INVISIBLE GARDEN – lightboxes

name: the Spider and the Bee, year start: 2015, year end: 2015, techniques: 2 lightboxes: 107cm x 71cm, duratrans photographic print mounted on plexi

This work is inspired by The Battle of the Books, a work of Jonathan Swift. It especially draws meaning from the fable of the Spider and the Bee. Diverse knowledge is a precious good. No art pour l’art, but art embedded in life.

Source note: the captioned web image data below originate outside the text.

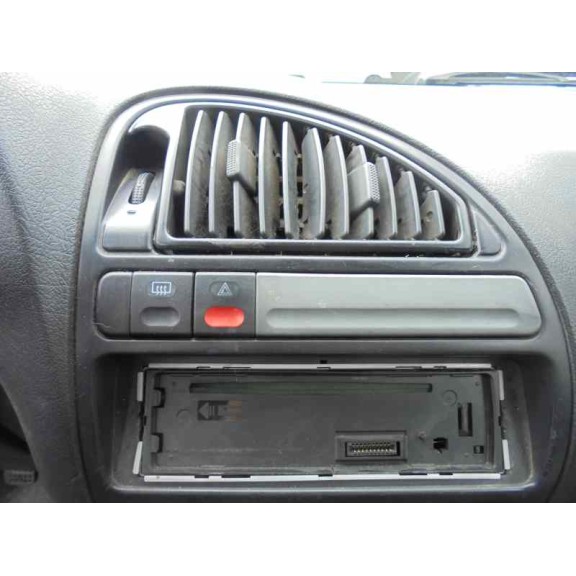 citroën saxo del año 2000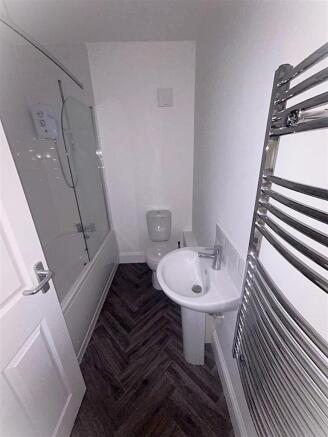 Bathroom 2 New 2.jpg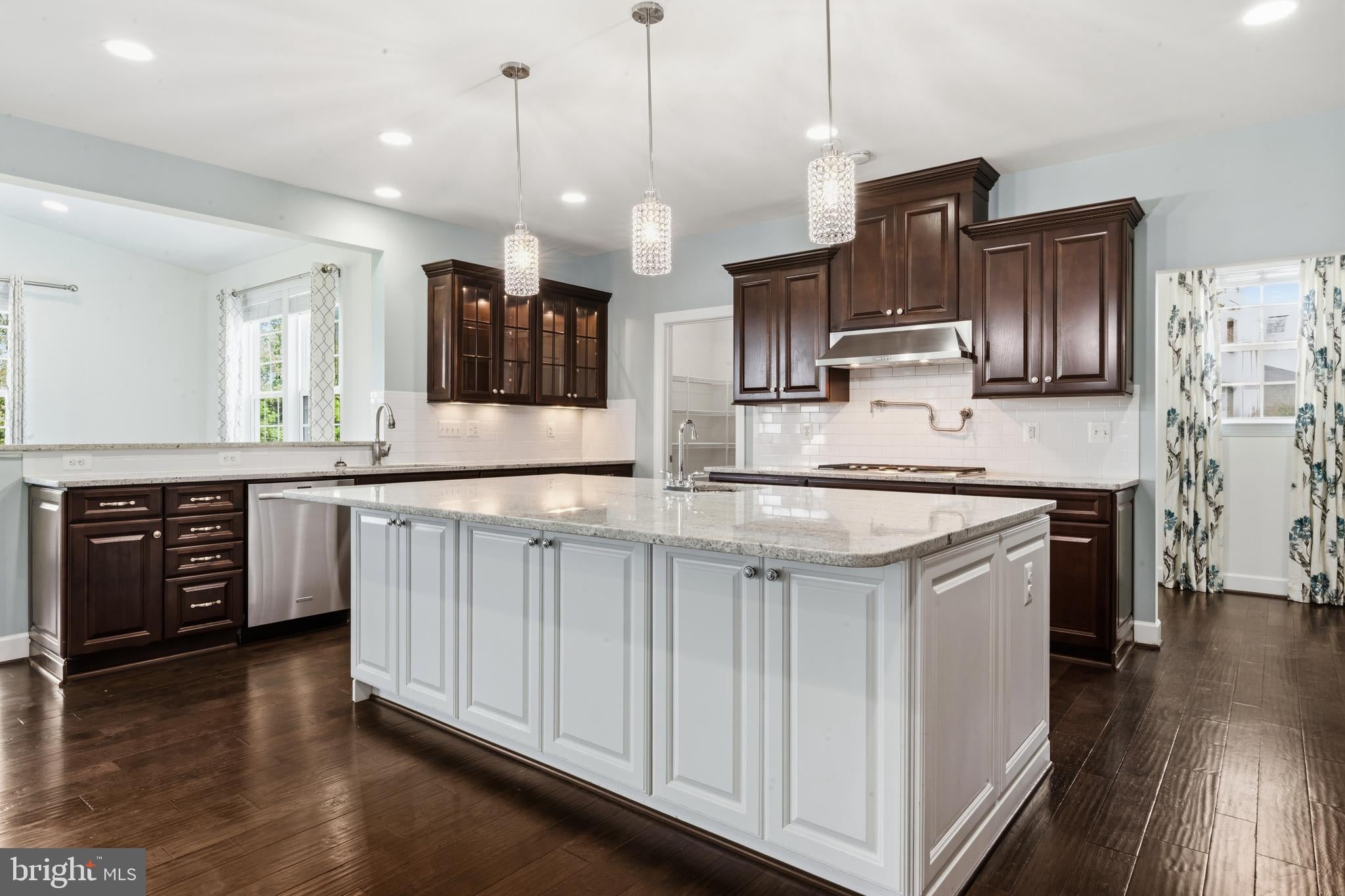 23028 Creighton Farms Dr, Leesburg, VA, 20175, USA, 5 Bedrooms Bedrooms, ,6 BathroomsBathrooms,Residential,Active,23028 Creighton Farms Dr,VALO2133250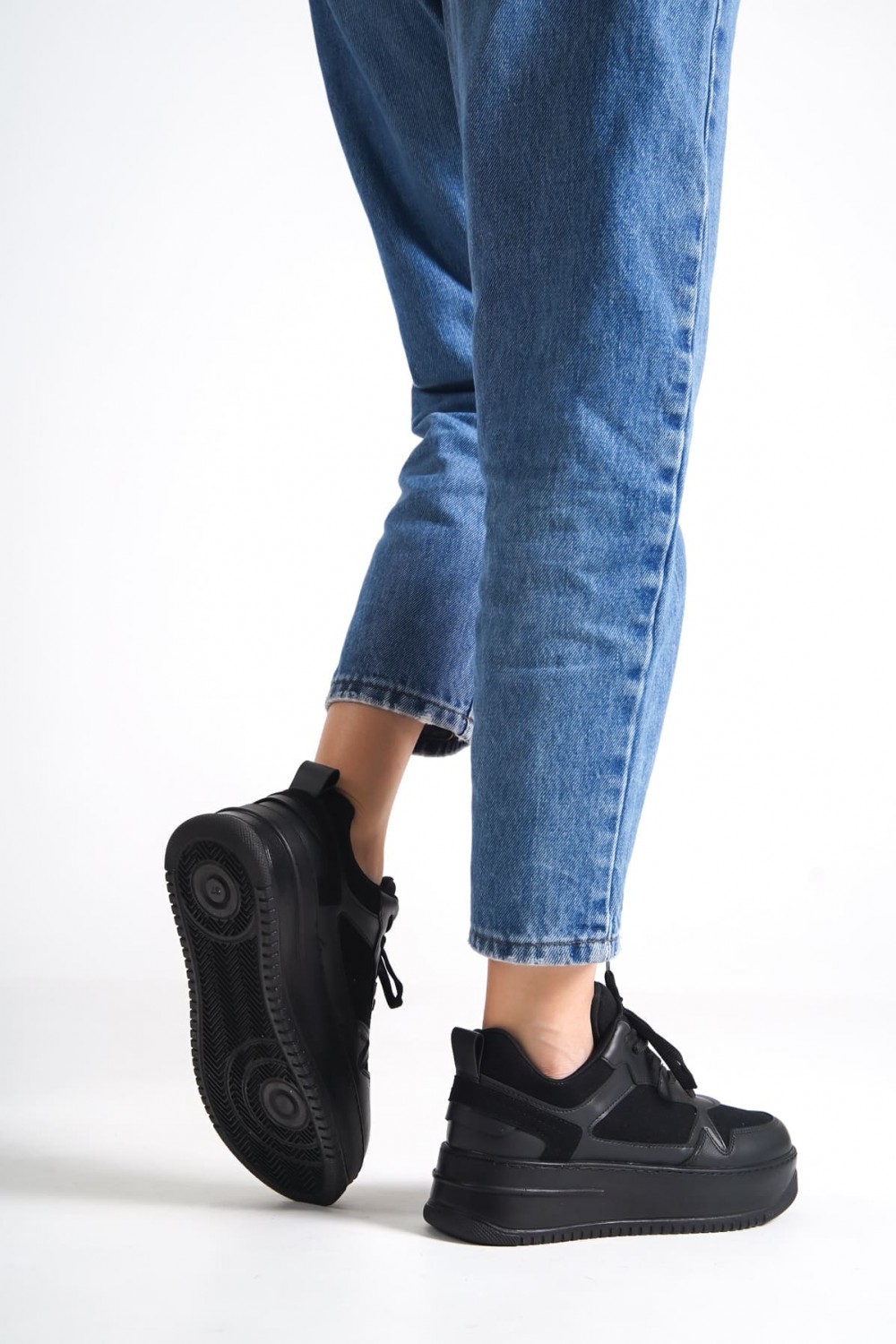 ALESSI Bağcıklı Ortopedik Taban Kadın Sneaker Spor Ayakkabı CST - Siyah ALESSI Bağcıklı Ortopedik Taban Kadın Sneaker Spor Ayakkabı CST - Siyah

The Battle of the Books is the name of a short satire written by Jonathan Swift and published as part of the prolegomena to his A Tale of a Tub in 1704. It depicts a literal battle between books in the King’s Library, as ideas and authors struggle for supremacy. Because of the satire, The Battle of the Books has become a term for the Quarrel of the Ancients and the Moderns.

double-pix+txt_web

The combat in the Battle is interrupted by the interpolated allegory of the spider and the bee. A spider, “swollen up to the first Magnitude, by the Destruction of infinite Numbers of Flies” resides like a castle holder above a top shelf, and a bee, flying from the natural world and drawn by curiosity, wrecks the spider’s web. The spider curses the bee for clumsiness and for wrecking the work of one who is his better. The spider says that his web is his home, a stately manor, while the bee is a vagrant who goes anywhere in nature without any concern for reputation. The bee answers that he is doing the bidding of nature, aiding in the fields, while the spider’s castle is merely what was drawn from its own body, which has “a good plentiful Store of Dirt and Poison.”
The bee is like the ancients and like authors: it gathers its materials from nature and sings its drone song in the fields. The spider is like the moderns and like critics: it kills the weak and then spins its web (books of criticism) from the taint of its own body digesting the viscera.